Embracing the theme: Generation Z: Propelling Zarathushti Resurgence, organizers achieve their goal of registering 40 percent of all attendees under the age of 40; programming topics will center on Zoroastrian religion, culture and heritage with a future focus, and spotlight the talents and perspectives of Zoroastrians across the North American diaspora.

HOUSTON — FEZANA, the Federation of Zoroastrian Associations of North America, and the Zoroastrian Association of Houston, formally announced the launch of the 18th North American Zoroastrian Congress, Dec. 29, 2024 to Jan. 1, 2025, at the Royal Sonesta Hotel in Houston. Rallying around the theme Generation Z: Propelling Zarathushti Resurgence, congress organizers announced they have exceeded their goal of attracting more than 40 percent of all registrations under 40 years of age.

“We are thrilled to welcome more than 725 Zoroastrians from around the world to Houston, where we have spent seven years planning, organizing, raising money, building volunteer teams and sounding the drum beat for the first North American Zoroastrian Congress since 2014,” said FEZANA President Ervad Kayomarz Y. Sidhwa, one of two congress co-chairs. “On behalf of our amazing team, I want to personally thank all the volunteers at the Zoroastrian Association of Houston for their hard work, diligence and hospitality as the Zoroastrian diaspora gathers for this truly momentous event.”

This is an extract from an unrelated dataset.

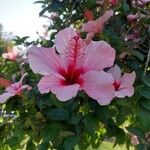 Hibiscus rosa-sinensisFloare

Sidhwa said programming would feature perspective from more than 60 speakers representing a deep collective knowledge base, a myriad of ages and diverse backgrounds. Keynote addresses will be delivered by iconic Bollywood film star Boman Irani entitled Bridging Cultures and Inspiring Resurgence; and Zoroastrian next generation visionary and leader, Sanaya Master, entitled Igniting the Flame Within: Empowering Generation Z for a Zoroastrian Renaissance.

“I am humbled and honored to deliver the keynote at this magnificent gathering of Zoroastrians from around the world, and looking forward to not only speaking, but to building memories and relationships that will last a lifetime,” Irani said. “We continue to thrive and grow in the diaspora, and our Zoroastrian contribution to the world continues to be both influential and impactful.”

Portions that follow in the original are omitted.